Chris Hayes recently tweeted, “The least sexy part of socialism is effective, efficient bureaucratic administration but the project lives or dies based on it.” My purpose here is to utilize Hayes’ premise to ask a more fundamental question: what is good governance? Is good governance “effective, efficient bureaucratic administration”? Is it making manifest the majority will of an electorate? Is it even possible to speak of good relative to government—isn’t good merely a condition relative to the actor? To address that question, I’m going to turn to the tenth essay of the Federalist Papers. The Federalist Papers were a series of essays published in New York over a few months in 1787, to support the ratification of the new Constitution. Their task was, ultimately, to be politically persuasive. But the essays also provide the best rationalization and defense of the intellectual foundation of that Constitutional system.
Given that the American Constitutional order was to align with the new science of the age, and concurrently to create a new political science (which we’ve subsequently associated with liberalism), returning to these essays can remind us how liberalism was understood as it emerged in the eighteenth century but also what principles have endured over the past two centuries and are still manifest. I’ll focus on the question of good governance, specifically the end to which government is directed and the precipitating cause of government.

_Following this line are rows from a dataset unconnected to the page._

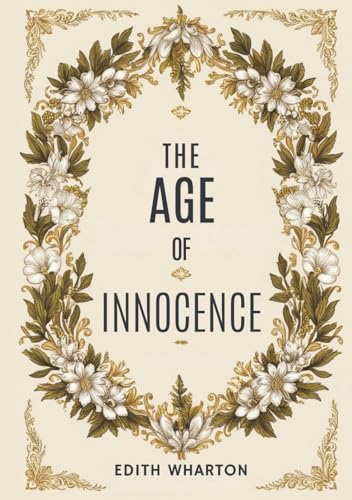 The Age of Innocence The Age of Innocence von Independently published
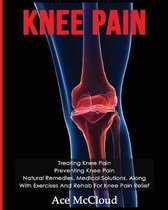 Exercises and Treatments for Rehabbing and Healing- Knee Pain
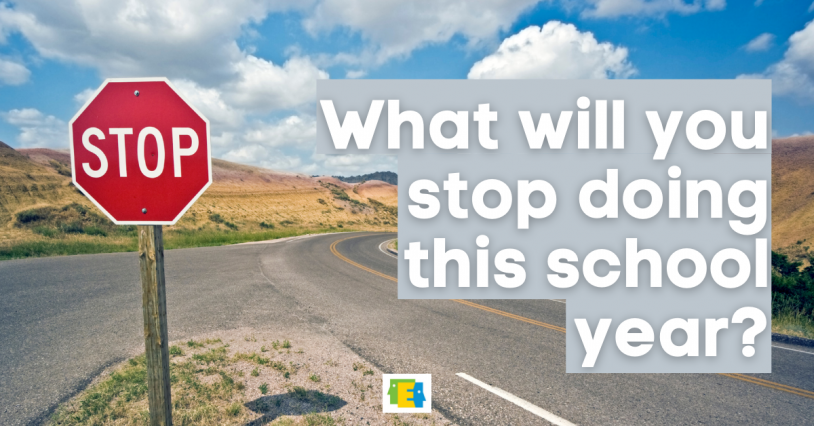 image of open road with stop sign with text about student learning: What will you stop doing this school year?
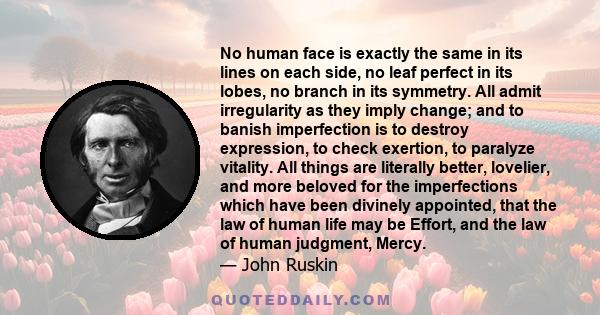 No human face is exactly the same in its lines on each side, no leaf perfect in its lobes, no branch in its symmetry. All admit irregularity as they imply change; and to banish imperfection is to destroy expression, to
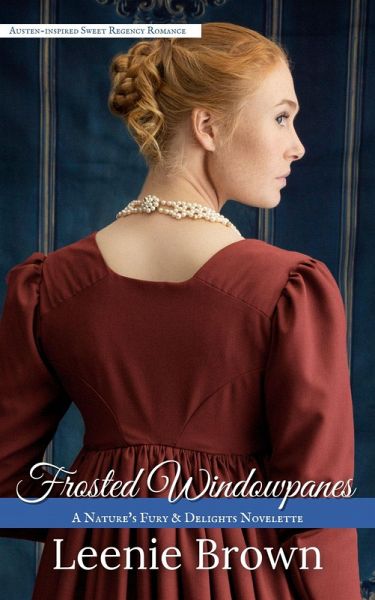 Frosted Windowpanes (Nature's Fury and Delights, #3) (eBook, ePUB) Frosted Windowpanes (Nature's Fury and Delights, #3) (eBook, ePUB)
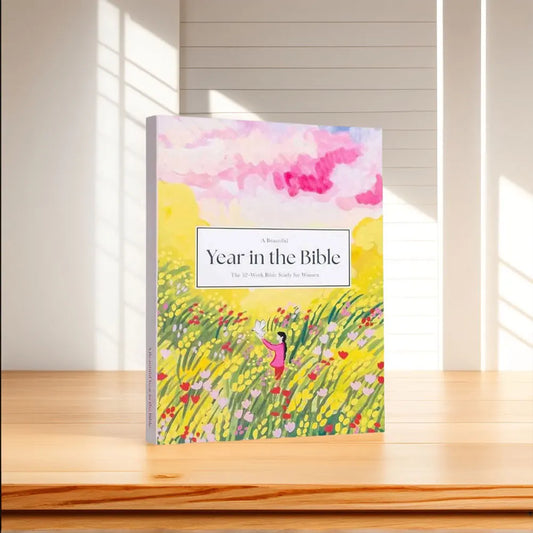 A Beautiful Year In The Bible Women Bible Guide 52 Week Bible Study For Women Women Bible Study Guide with Suggested Readings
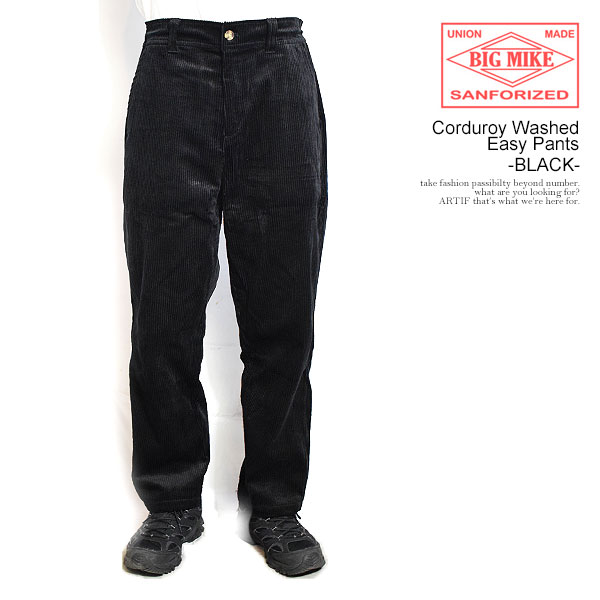 BIG MIKE ビッグマイク CORDUROY WASHED EASY PANTS -BLACK- メンズ パンツ イージーパンツ コーデュロイ 送料無料 atfpts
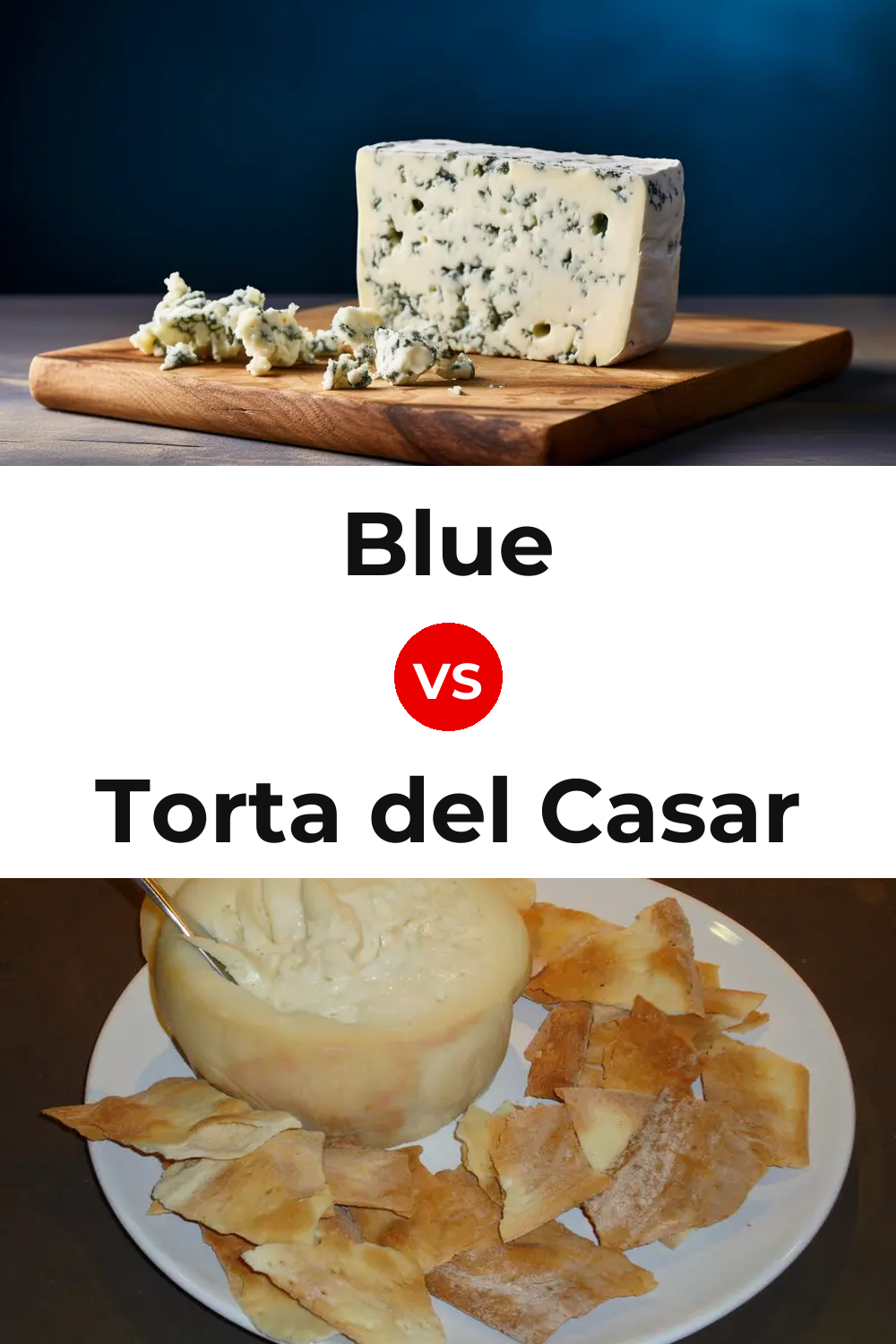 Blue Cheese vs Torta del Casar Cheese Pinterest comparison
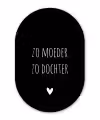 Quotes - Zo moeder zo dochter - Spreuken - Mama - Dochter Wandcirkel Ovaal Forex klein -3d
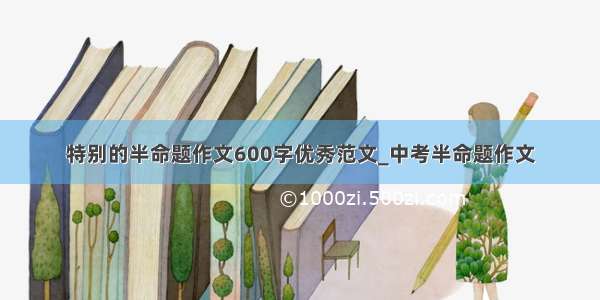 特别的半命题作文600字优秀范文_中考半命题作文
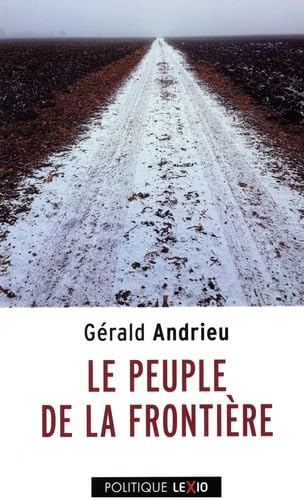 Le peuple de la frontière : 2.000 kilomètres de marche à la rencontre des Français qui n'attendaient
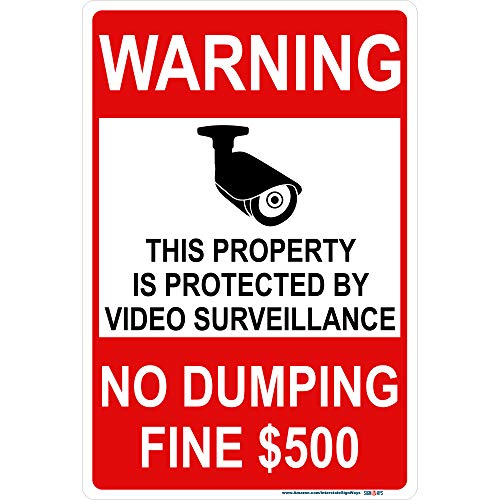 Warning, No Dumping, Fine $500, Video Surveillance Sign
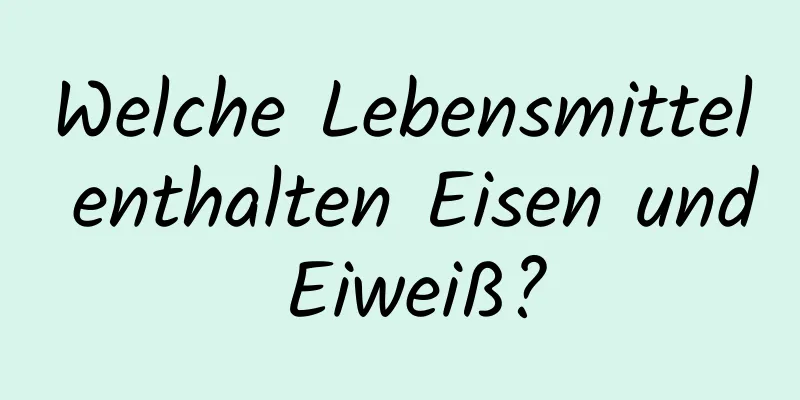 Welche Lebensmittel enthalten Eisen und Eiweiß?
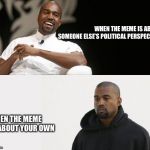 When it’s not fair | WHEN THE MEME IS ABOUT SOMEONE ELSE’S POLITICAL PERSPECTIVE; WHEN THE MEME IS ABOUT YOUR OWN | image tagged in when its not fair | made w/ Imgflip meme maker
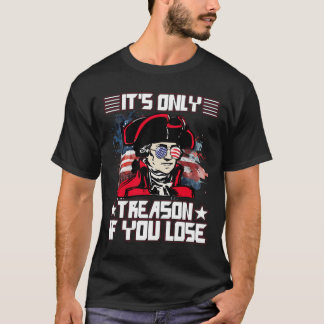 Es Ist Nur Verrat, Wenn Du Den 4. Juli Verlierst T-Shirt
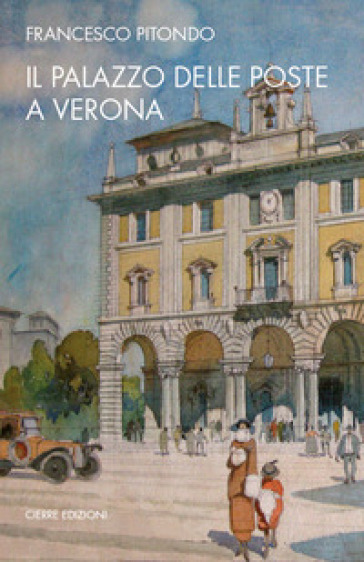 Il palazzo delle Poste a Verona - Francesco Pitondo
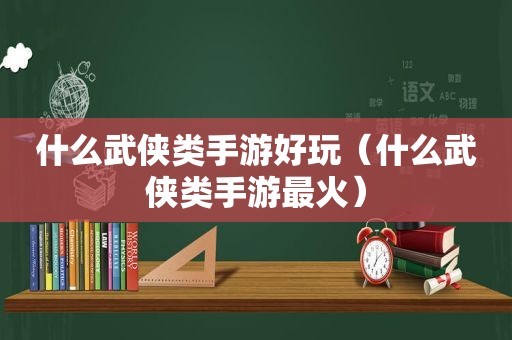 什么武侠类手游好玩（什么武侠类手游最火）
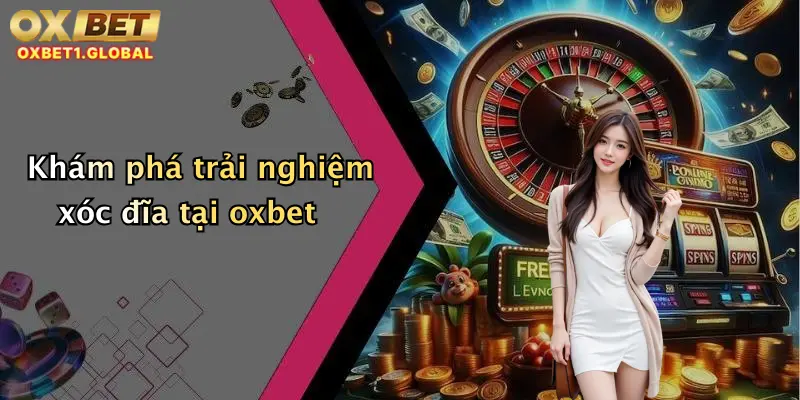 Khám phá trải nghiệm xóc đĩa tại oxbet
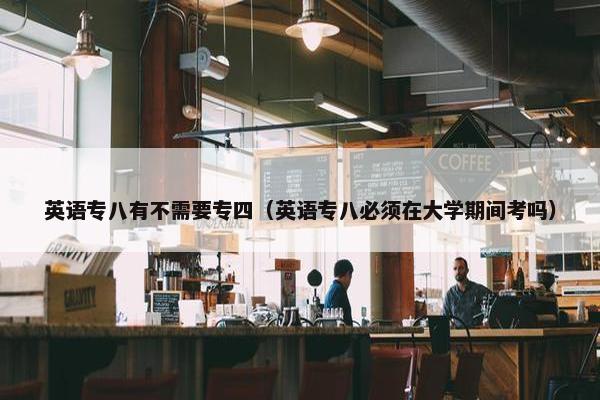 英语专八有不需要专四（英语专八必须在大学期间考吗）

Federalist 10: Liberty and Diversity
Let’s turn to the discussion of faction in the tenth Federalist. The author, Publius, defines faction as, “a number of citizens, whether amounting to a majority or a minority of the whole, who are united and actuated by some common impulse of passion, or of interest, adversed to the rights of other citizens, or to the permanent and aggregate interests of the community.” Faction is a perennial problem for any self-governing system. For any system of government to ever be rendered good it must be able to handle the mischief of faction. It’s therefore paramount we understand the means by which a government can handle this mischief. Publius argues that there are two ways to address the problem: attack the root or attack the fruit. One can either attempt to prevent the problem of faction from arising or attempt to mitigate the harm of existing factions. One can address the cause of faction by either eliminating liberty or “by giving to every citizen the same opinions, the same passions, and the same interests.” It’s worth looking briefly at how Publius addresses both avenues.
In one of the most famous passages from the Federalist Papers, Publius claims:
Liberty is to faction what air is to fire, an aliment without which it instantly expires. But it could not be less folly to abolish liberty, which is essential to political life, because it nourishes faction, than it would be to wish the annihilation of air, which is essential to animal life, because it imparts to fire its destructive agency.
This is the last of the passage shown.